The Wall Street Journal recently reviewed Allan Horwitz's book, "DSM: A History of Psychiatry's Bible", which claims that 'DSM', the Diagnostic and Statistical Manual of Mental Disorders, is a 'social creation', as in: what real science is behind it? It turns out--surprise, surprise-- none! Unlike medicine, physics, math, etc. which are subject to objective verification, 'mental illness' is whatever the shrinks say it is--and that seems why the book's title reads, 'psychiatry's Bible': a holy book for a secular profession comprised by a majority of atheists. And just as the Bible changes, with both homosexuality and heterosexual adultery punishable by death by stoning in the Old Testament but in the New Testament Jesus turns that completely around by mandating forgiveness, so too not so long ago the DSM deemed being gay a mental illness. Science based medicine/surgery has done wonders in treating the body's illnesses but mental illness seems to be surging in spite of all the drugs available.
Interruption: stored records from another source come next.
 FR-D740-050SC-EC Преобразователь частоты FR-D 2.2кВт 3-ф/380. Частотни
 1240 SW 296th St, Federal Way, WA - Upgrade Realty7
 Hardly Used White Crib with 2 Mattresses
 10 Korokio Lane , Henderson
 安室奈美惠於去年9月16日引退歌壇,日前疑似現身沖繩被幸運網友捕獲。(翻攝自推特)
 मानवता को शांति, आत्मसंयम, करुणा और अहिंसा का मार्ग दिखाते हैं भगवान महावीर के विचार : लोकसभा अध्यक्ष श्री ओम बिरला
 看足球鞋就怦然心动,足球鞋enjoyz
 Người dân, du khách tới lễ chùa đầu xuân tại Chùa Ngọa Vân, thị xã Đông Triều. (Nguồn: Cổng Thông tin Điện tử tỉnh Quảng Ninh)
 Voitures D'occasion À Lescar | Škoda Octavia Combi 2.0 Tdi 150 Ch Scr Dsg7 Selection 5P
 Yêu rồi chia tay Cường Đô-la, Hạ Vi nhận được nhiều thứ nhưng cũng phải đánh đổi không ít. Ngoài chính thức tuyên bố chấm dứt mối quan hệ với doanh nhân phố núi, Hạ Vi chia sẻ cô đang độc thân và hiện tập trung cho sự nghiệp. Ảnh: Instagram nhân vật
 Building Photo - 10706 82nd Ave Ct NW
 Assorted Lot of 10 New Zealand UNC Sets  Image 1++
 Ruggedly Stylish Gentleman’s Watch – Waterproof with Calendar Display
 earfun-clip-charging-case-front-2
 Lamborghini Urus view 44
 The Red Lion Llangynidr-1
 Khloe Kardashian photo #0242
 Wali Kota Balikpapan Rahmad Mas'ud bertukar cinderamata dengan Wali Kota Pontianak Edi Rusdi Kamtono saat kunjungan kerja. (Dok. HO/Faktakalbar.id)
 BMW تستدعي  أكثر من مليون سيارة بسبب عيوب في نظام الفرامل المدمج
My guess is because--as I experienced 50 years ago, you cannot heal the mind without healing the soul. Of course if you do not think you have a soul that sounds like nonsense--I thought that way as a young agnostic, until I tried to end the living hell of a major clinical depression where you largely stop sleeping, eating, emoting until your nerves are shot and believing death meant extinction, you throw yourself into a river--and then you discover (remember actually it seems) you have a 3rd mind besides the conscious and unconscious versions: a consciousness that unlike the brain is endless, immortal. I had a good shrink after I left the psych ward [and a series of electroshock treatments], a good man who helped me greatly not by drugs, which I refused to take, but by talking with me and caring about me. I told him about my near-death experience but he had in college adopted atheism as his 'religion' [and it is a faith,a matter of belief, as logic says God can no more be disproved than proven] and so I suppose he thought I had hallucinated [for a part of it I might wish he were right]. I know to this day it was not he who 'healed' me, in as much as I've never had another depression in the 1/2 century since. No, it was God, or whatever you wish to call the Being/Presence/Force that permeates the universe. We are ALL, without exception, broken beings, neurotic, selfish, sinful, lost, call it what you will. Seeking God may be the only way to heal a broken soul.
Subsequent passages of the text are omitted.